DATA Block Start
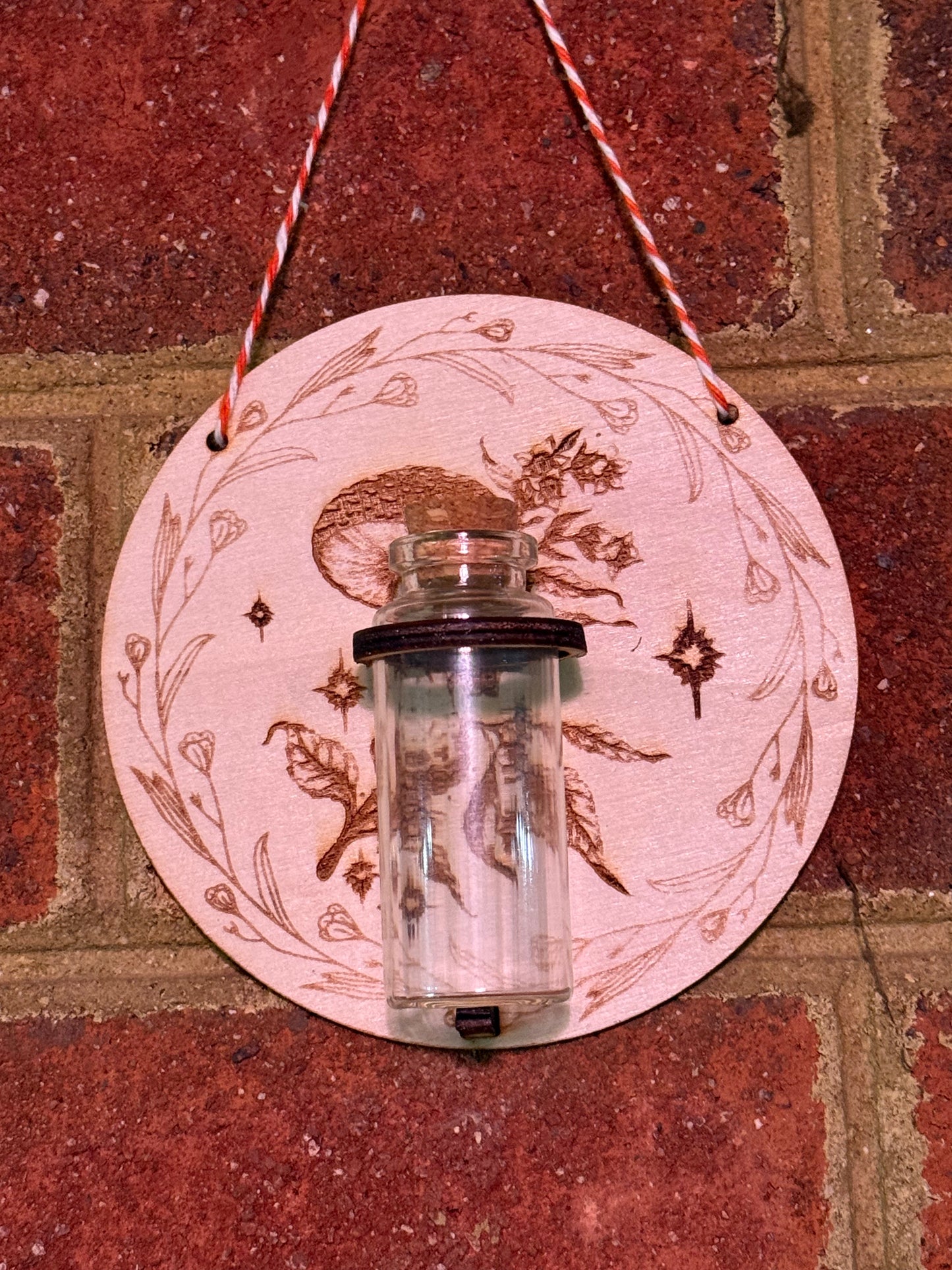 Mini propagation stations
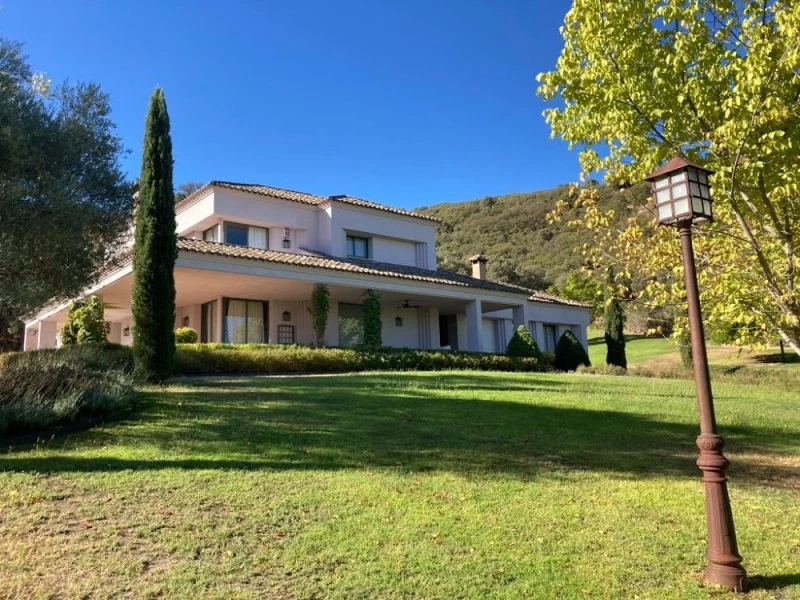 Casa Rural El Sauco
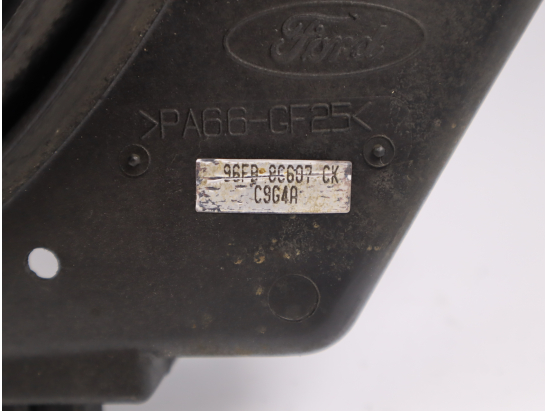 VENTILATEUR DE REFROIDISSEMENT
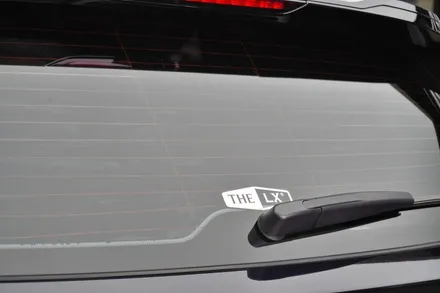 계양 썬팅~bmw ix3 LX 썬팅으로 여름철 시원하게보내기~
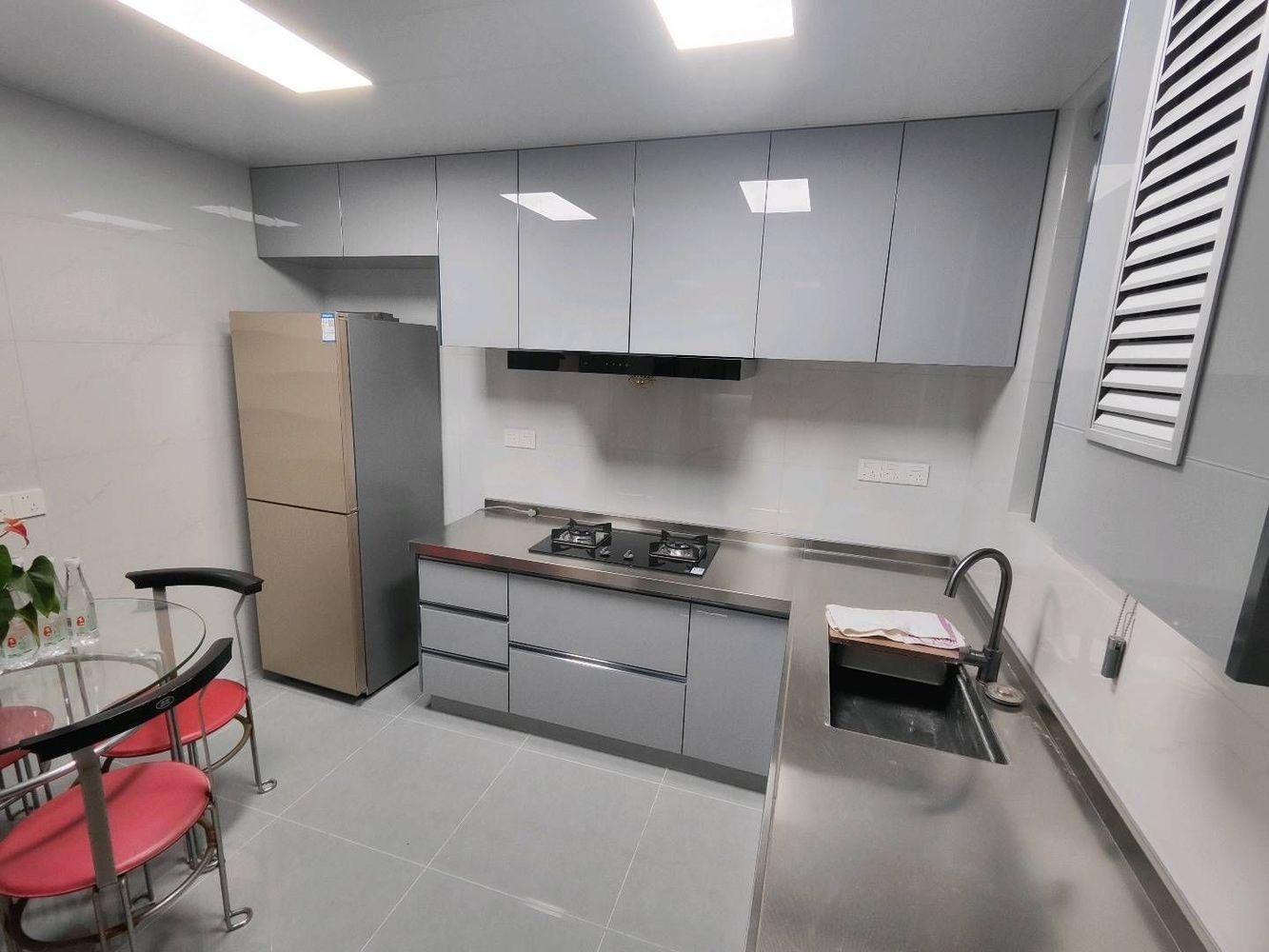 上海华江小区(闵行)二手房房源图片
DATA Block End
Would you set down each line of the listing above exactly, apart from the pictures?

» ANSWER TO THE PROBLEM:
 Mini propagation stations
 Casa Rural El Sauco
 VENTILATEUR DE REFROIDISSEMENT
 계양 썬팅~bmw ix3 LX 썬팅으로 여름철 시원하게보내기~
 上海华江小区(闵行)二手房房源图片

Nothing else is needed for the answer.